Image caption, which automatically generates a natural language sentence to describe the content of the given image, has recently become a challenging but fundamental task of computer vision (CV) and natural language processing (NLP) [3, 7, 13, 19]. The task is challenging because the caption generation models not only should solve the computer vision challenges of determining what objects are in an image [11, 22], but also be powerful enough to describe their relationships with natural language. However, challenges and opportunities coexist. Image caption links image and natural language together, which makes it has a great potential for application in the near future. Therefore, many researchers have paid great attention to this task.

Approaches for image caption generation task have two main categories: (1) retrieval-based methods and (2) multi-modal neural networks-based (MMNN-based) methods. Before the advent deep learning (DL), retrieval-based methods are the most popular methods for image caption generation. These methods retrieval similar objects and then retrieval a similar sentence from the training dataset [6, 16]. After that, the words are connected together according to certain grammar rules.

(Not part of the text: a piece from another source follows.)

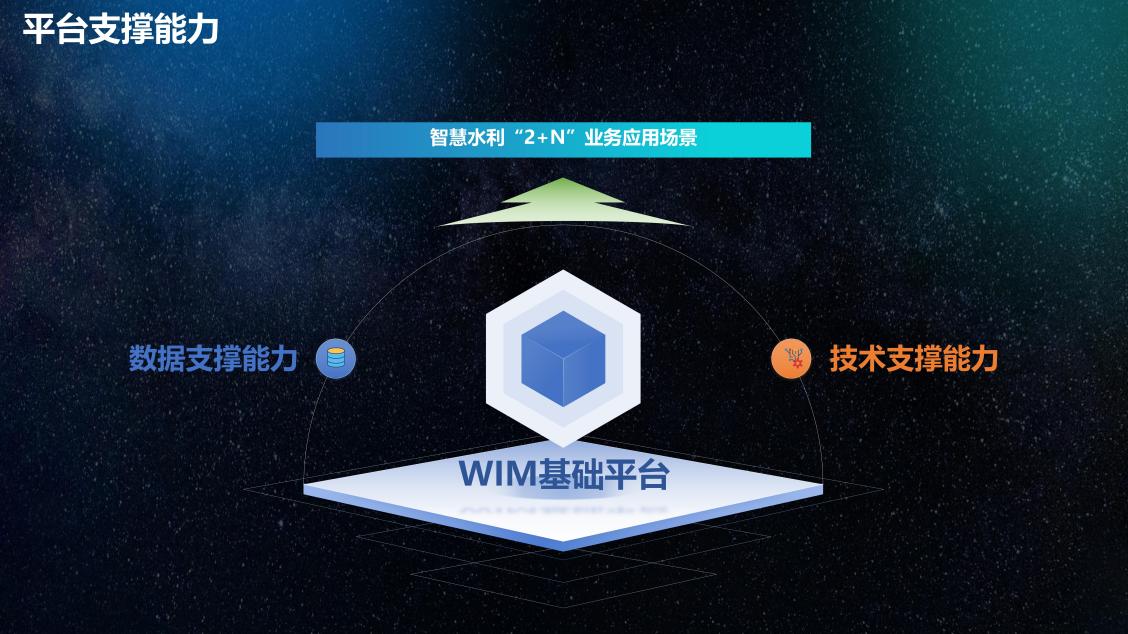 飛渡科技CIM&WIM產(chǎn)品發(fā)布會(huì)PPT-總合稿-16比9-0719【曉茹WIM注解】_40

Although the retrieval-based methods have gained many encouraged results, many problems have not been solved. These methods need fixed visual concepts and hard-coded sentence template, which makes the sentences generated by these models are less variety.

Recently, deep learning has achieved many breakthroughs in natural language processing (NLP) and computer vision (CV), such as machine translation (MT) [2], image classification, object detection [15, 17], etc. The main success of deep learning is that the ability of representation is powerful. Some image caption generating methods using deep neural networks have been proposed recently. For example, multi-modal Recurrent networks (m-RNN) is proposed by Mao et al. [12], which uses the convolutional neural networks (CNNs) as feature extractor and the traditional recurrent neural networks (RNNs) as sentence generator. From then on, the “CNN + RNN” mode becomes the most popular scheme for image caption generation.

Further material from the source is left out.